▶ Problem
Lines that include the word "Beach" should be copied from the listing that follows.

*** Opening of Material to process ***

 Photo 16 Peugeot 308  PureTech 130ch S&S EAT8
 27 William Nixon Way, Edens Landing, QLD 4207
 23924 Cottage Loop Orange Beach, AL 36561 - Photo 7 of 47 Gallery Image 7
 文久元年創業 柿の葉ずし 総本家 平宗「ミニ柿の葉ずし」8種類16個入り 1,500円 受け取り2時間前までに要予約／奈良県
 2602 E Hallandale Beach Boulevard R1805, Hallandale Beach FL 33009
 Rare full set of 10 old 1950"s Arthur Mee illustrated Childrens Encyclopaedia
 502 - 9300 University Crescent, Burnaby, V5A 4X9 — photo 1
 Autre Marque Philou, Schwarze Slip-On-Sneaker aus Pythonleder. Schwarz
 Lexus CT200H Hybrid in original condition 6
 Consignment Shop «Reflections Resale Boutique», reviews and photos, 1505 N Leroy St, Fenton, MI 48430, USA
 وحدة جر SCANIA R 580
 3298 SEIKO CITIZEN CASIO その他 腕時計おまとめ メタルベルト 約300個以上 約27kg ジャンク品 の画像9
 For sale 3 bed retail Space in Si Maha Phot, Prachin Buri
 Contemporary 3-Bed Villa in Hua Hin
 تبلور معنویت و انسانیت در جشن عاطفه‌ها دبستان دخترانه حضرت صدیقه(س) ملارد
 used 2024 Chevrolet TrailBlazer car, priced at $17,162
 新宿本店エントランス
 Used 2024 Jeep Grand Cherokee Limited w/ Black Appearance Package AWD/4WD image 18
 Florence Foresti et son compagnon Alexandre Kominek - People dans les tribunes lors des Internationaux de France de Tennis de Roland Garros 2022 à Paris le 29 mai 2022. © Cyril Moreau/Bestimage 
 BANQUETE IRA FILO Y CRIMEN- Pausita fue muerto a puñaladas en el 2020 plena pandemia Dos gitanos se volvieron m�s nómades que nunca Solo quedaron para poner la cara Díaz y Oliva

*** Close of Material to process ***

▶ Result below
 23924 Cottage Loop Orange Beach, AL 36561 - Photo 7 of 47 Gallery Image 7
 2602 E Hallandale Beach Boulevard R1805, Hallandale Beach FL 33009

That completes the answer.